WASHINGTON — The National Transportation Safety Board is recommending increased use of buffer cars in trains with DOT-111 tank cars carrying hazardous materials as a result of investigations into two derailments. The recommendation issued Tuesday recommends at least five non-placarded cars be placed between locomotives or occupied equipment and those carrying hazardous materials, regardless of train length. The recommendation reflects investigations of derailments in Draffin, Ky., and Fort Worth, Texas, which resulted in breached tank cars and hazardous-material fires.
In its safety recommendation report, the NTSB has concluded that both accidents could have been less severe if DOT-111 tank cars in each train had been placed in locations where they were less likely to derail or sustain accident damage.
“This is not the first time NTSB has issued recommendations regarding the use of buffer cars to reduce the risks of hazardous materials release to train crews,” Robert Hall, NTSB Director of Railroad, Pipeline and Hazardous Materials, said in a press release. “We believe that it is imperative that these recommendations be implemented to prevent the potential for a catastrophic event.
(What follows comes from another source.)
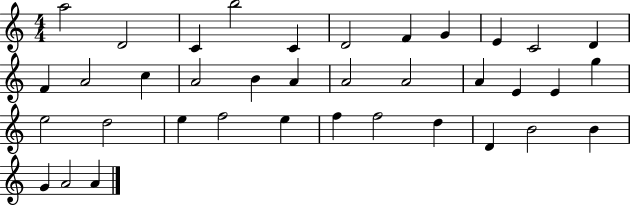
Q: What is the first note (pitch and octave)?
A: A5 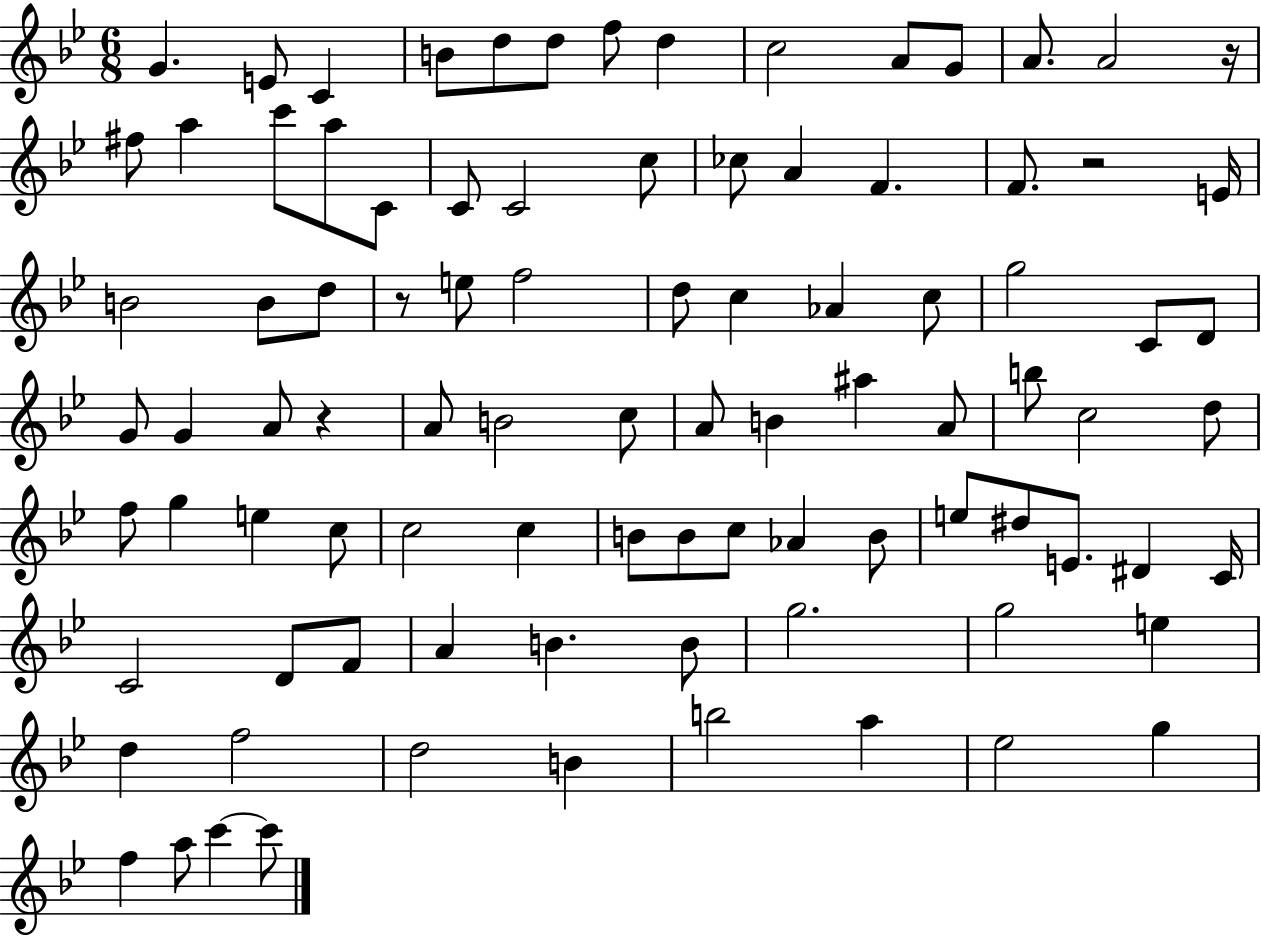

The CSX derailment in Draffin, Ky., on Feb. 13, 2020, saw three locomotives, one buffer car, and four tank cars derail on a hillside, with two DOT-111 tank cars releasing about 38,400 gallons of denatured ethanol, which caught fire along with diesel fuel released from the locomotive. Two crew members were trapped on the lead locomotive by the resulting fire, eventually escaping via the adjacent Russell Fork River, where they were rescued by fire department boat.
No injuries occurred in the April 24, 2019, derailment of a Union Pacific train in Fort Worth, which saw 25 cars derail from a 96-car train of denatured ethanol; three breached tank cars, including one DOT-111 car, released 65,270 gallons of ethanol; three horses in a barn were killed and three injured in the resulting fire.